"One word of truth shall outweigh the whole world."
Aleksandr Solzhenitsyn, a giant in the defense of freedom in the 20th Century, has died. Many, if not most will remember him for his authorship of the troika of books known as the Gulag Archipelago. When Maximus and I were students at Servite High School in the 1980’s, it was required reading. I hope it still is.
Less well known is Solzhenitsyn’s address to Harvard University in 1978. I believe it will go down in history as one of the most prescient speeches ever given. In league with Pericles "Funeral Oration," Cicero’s "Fourth Philippic," Zola’s "Appeal for Dreyfus," Theodore Roosevelt on "The Strenuous Life," or his cousin FDR’s "Arsenal of Democracy" speech.
His moniker of "Oracle of the Twentieth Century" was well-earned.
The full text of his Harvard address can be found here:
Some salient quotes of his critique of the West:
"In today's Western society, the inequality has been revealed of freedom for good deeds and freedom for evil deeds."
"Destructive and irresponsible freedom has been granted boundless space. Society appears to have little defense against the abyss of human decadence, such as, for example, misuse of liberty for moral violence against young people, motion pictures full of pornography, crime and horror. It is considered to be part of freedom and theoretically counter-balanced by the young people's right not to look or not to accept. Life organized legalistically has thus shown its inability to defend itself against the corrosion of evil."

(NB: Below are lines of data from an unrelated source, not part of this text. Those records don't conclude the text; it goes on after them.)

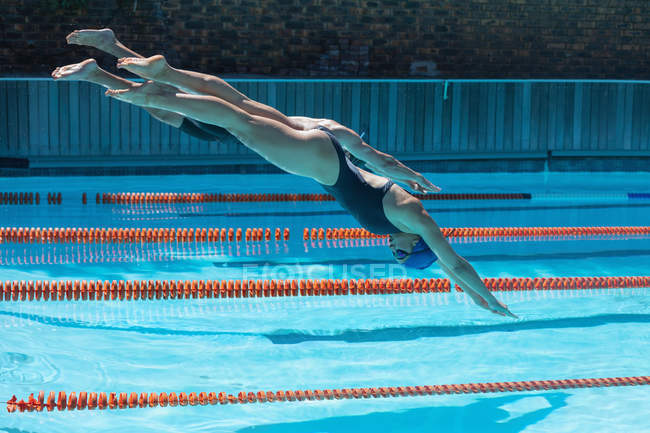 Side view of male and female Caucasian swimmers jumping into water in the same time at the swimming pool in the sunshine — Stock Photo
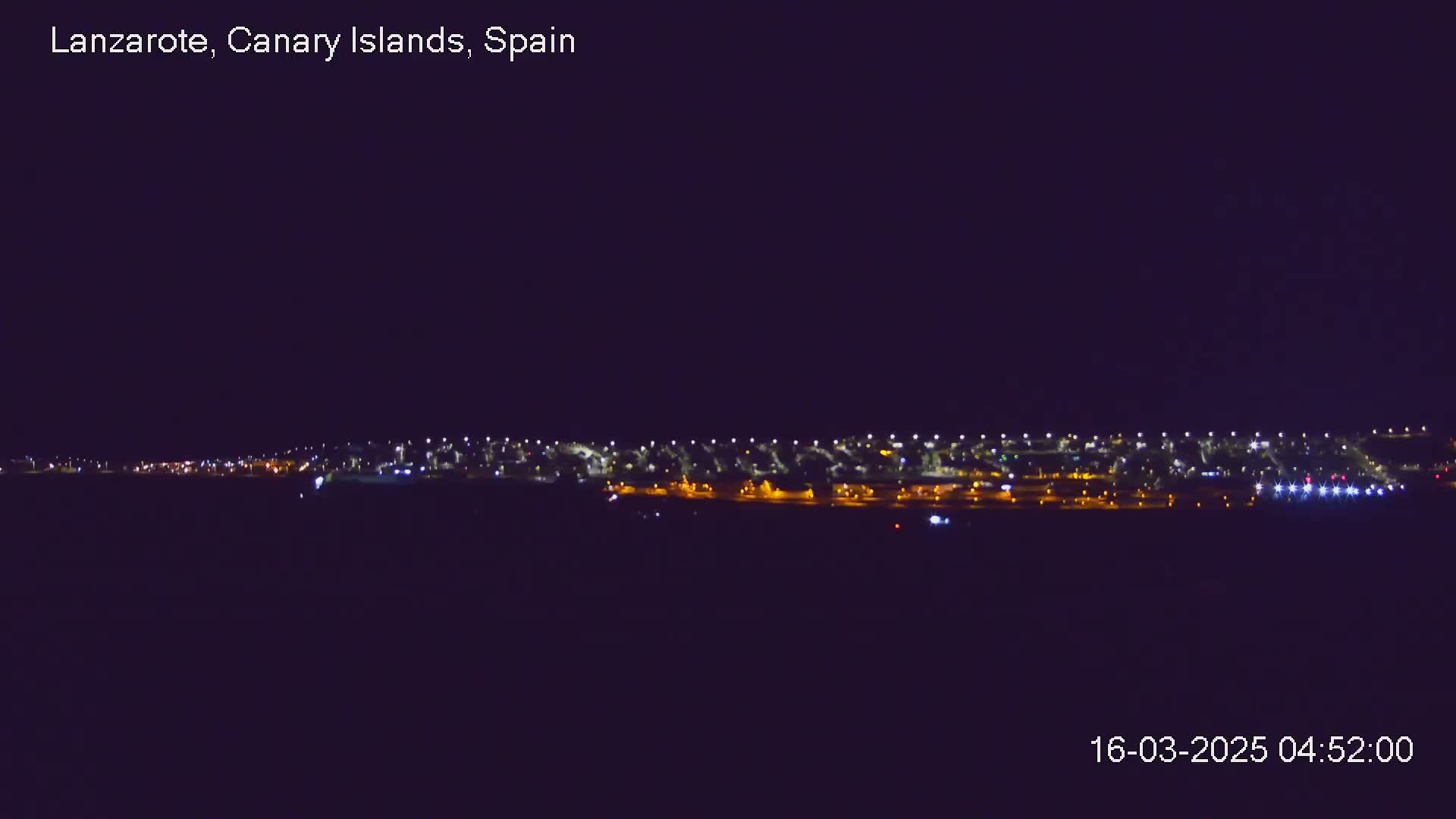 A nighttime long shot shows a line of city lights on a dark, clear night.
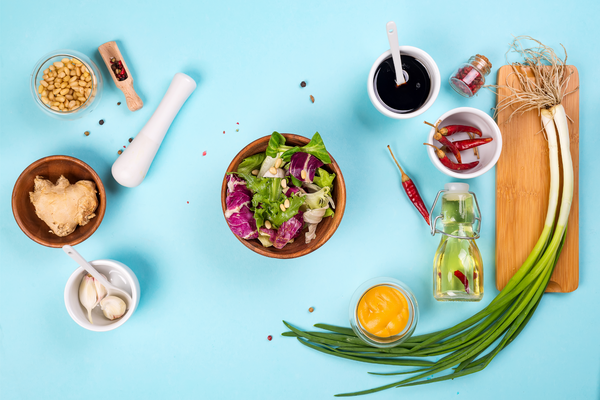 Cooking - dark brown salad dressing and recipe ingredients balsamic vinegar, honey, olive oil, mustard, garlic, salt . Layout captured from above top view, flat lay .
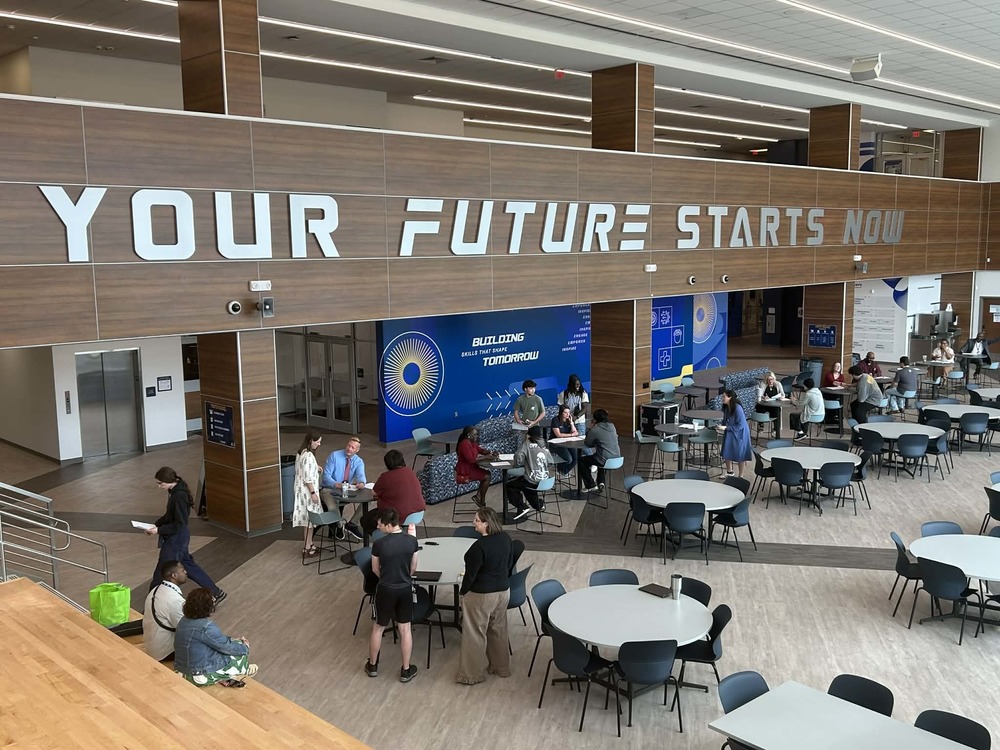 Picture of the cafetorium of the Huntsville Center for Technology. The words "Your Future Starts Now" is featured on the wall.
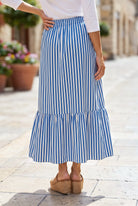 A women wearing a veritcal blue and white striped maxi skirt.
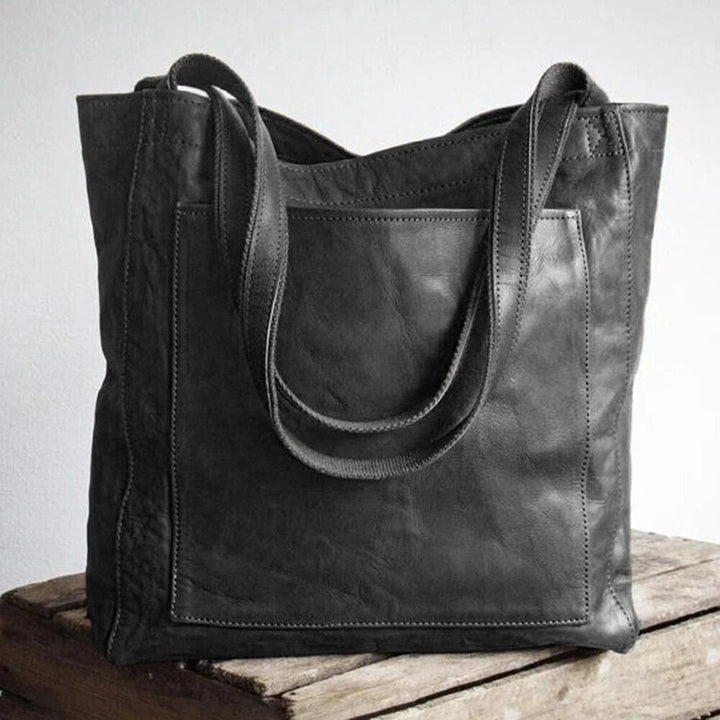 Debbie bag in dark brown displayed against a neutral background highlighting its structured shape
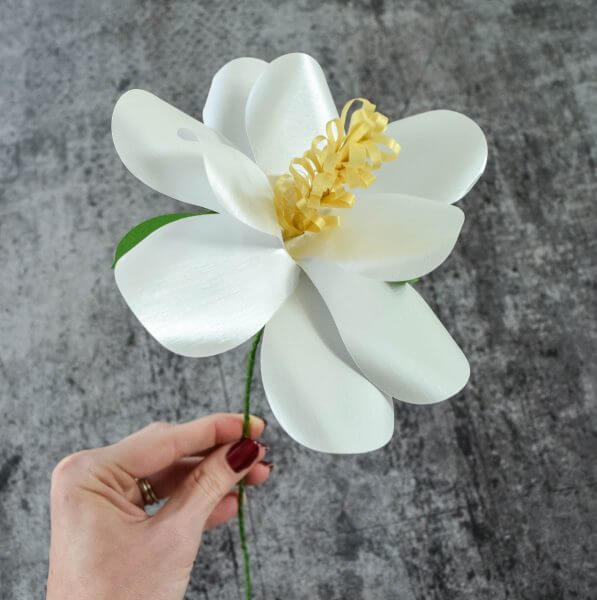 A woman's manicured hand holds a large white Magnolia Paper Flower, with ten white flower petals, a yellow center, and green wire stem.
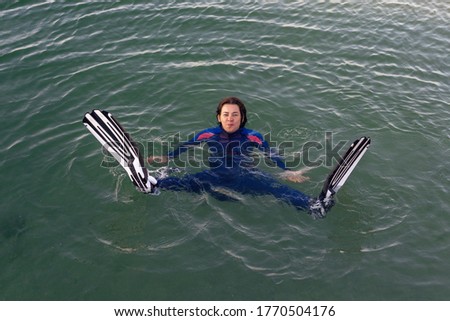 Beach vacation fun woman wearing a wetsuit and flippers making a face while swimming in ocean water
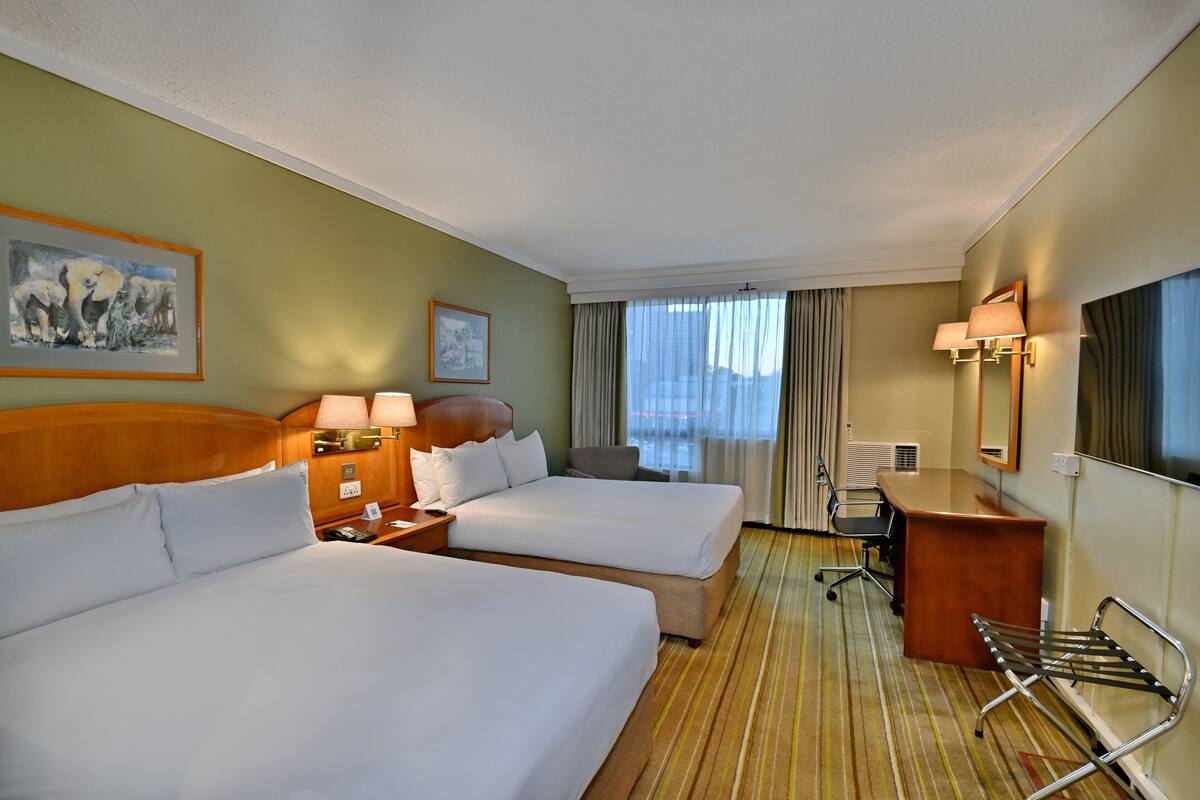 Premium bedding, down duvets, in-room safe, desk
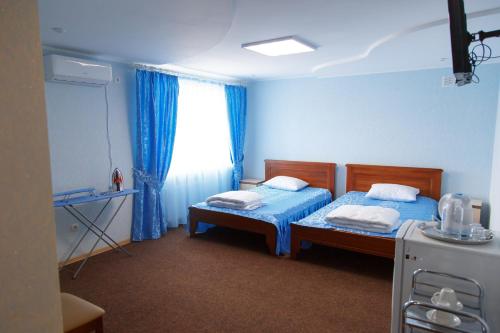 ArtemivsʼkにあるHotel Bakhmutのベッド2台と窓のある病室です。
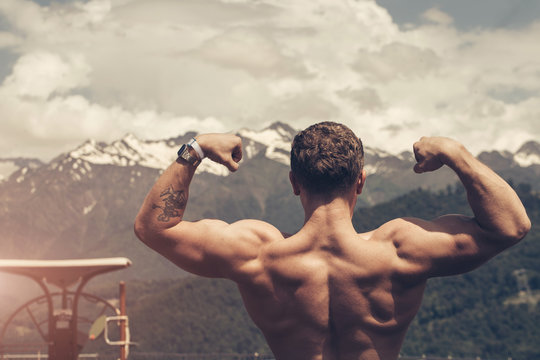 Young bodybuilder showing muscles shape outdoors, Handsome muscular bearded man looking at highlands landscape with foggy sky from the peak of the mountain, feeling hapyness and joy.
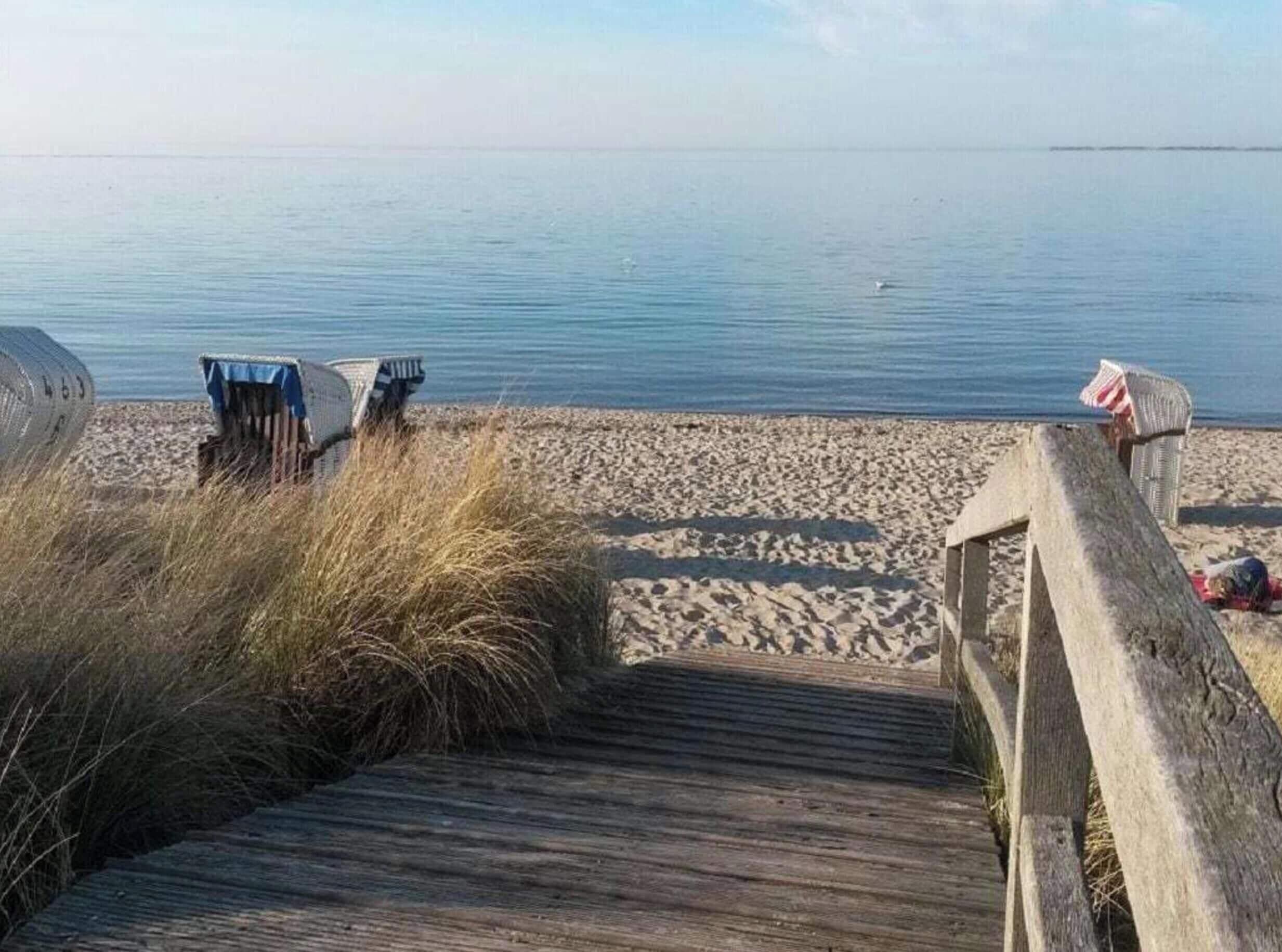A wooden boardwalk leading to a sandy beach with beach chairs and a small structure.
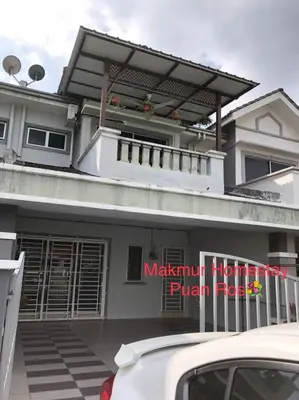 a white car parked in front of a house at Makmur homestay in Taiping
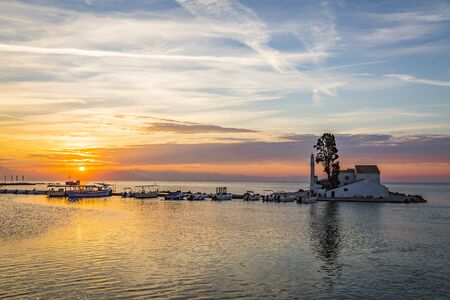 Early morning sunrise view of famous Vlachern? monastery, Pontikonissi or mouse island and fisherman boats in Halikiopoulou lagoon. Kanoni, Corfu island, Greece.の写真素材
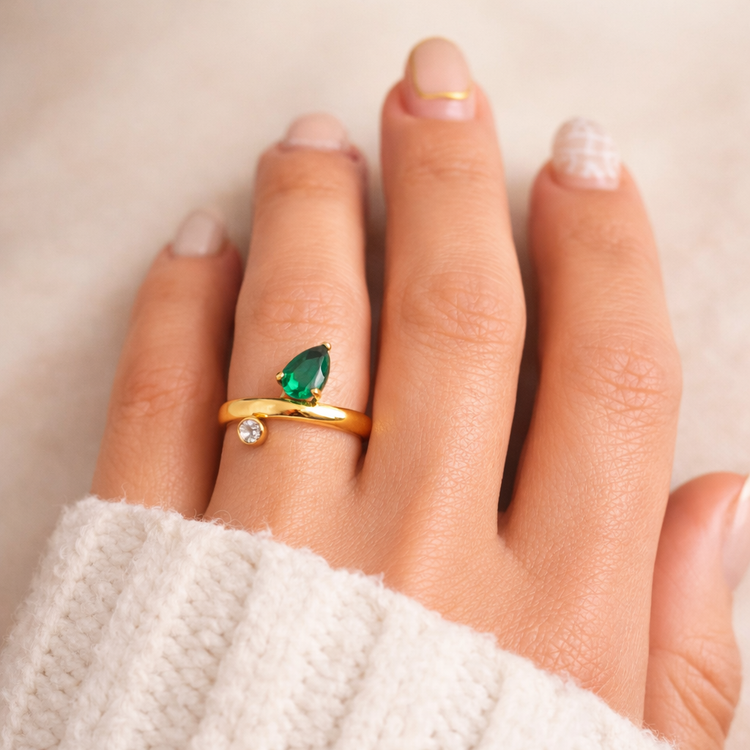 Gold pear-cut emerald ring on model hand, waterproof jewelry by XMTX Collections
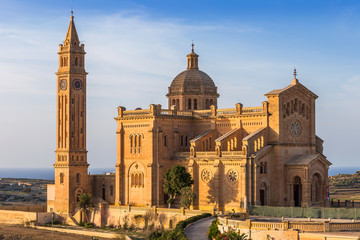 Gozo, Malta - The Basilica of the National Shrine of the Blessed Virgin of Ta' Pinu at sunset with clear blue sky on a summer day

"This means that the mistake must be at the root, at the very basis of human thinking in the past centuries. I refer to the prevailing Western view of the world which was first born during the Renaissance and found its political expression from the period of the Enlightenment. It became the basis for government and social science and could be defined as rationalistic humanism or humanistic autonomy: the proclaimed and enforced autonomy of man from any higher force above him. It could also be called anthropocentricity, with man seen as the center of everything that exists."
I always have looked at Solzhenitsyn and Pope John Paul II as bearing essentially the same message, one in the political sphere, the other in the religious. While both were devoted to the cause of the defeat of Soviet Communism, they were also attune to the inherent dangers of the libertine society the West has become.
I think Solzhenitsyn, the "Gipper," and JPII are the triumvirate that brought down the Bolsheviks.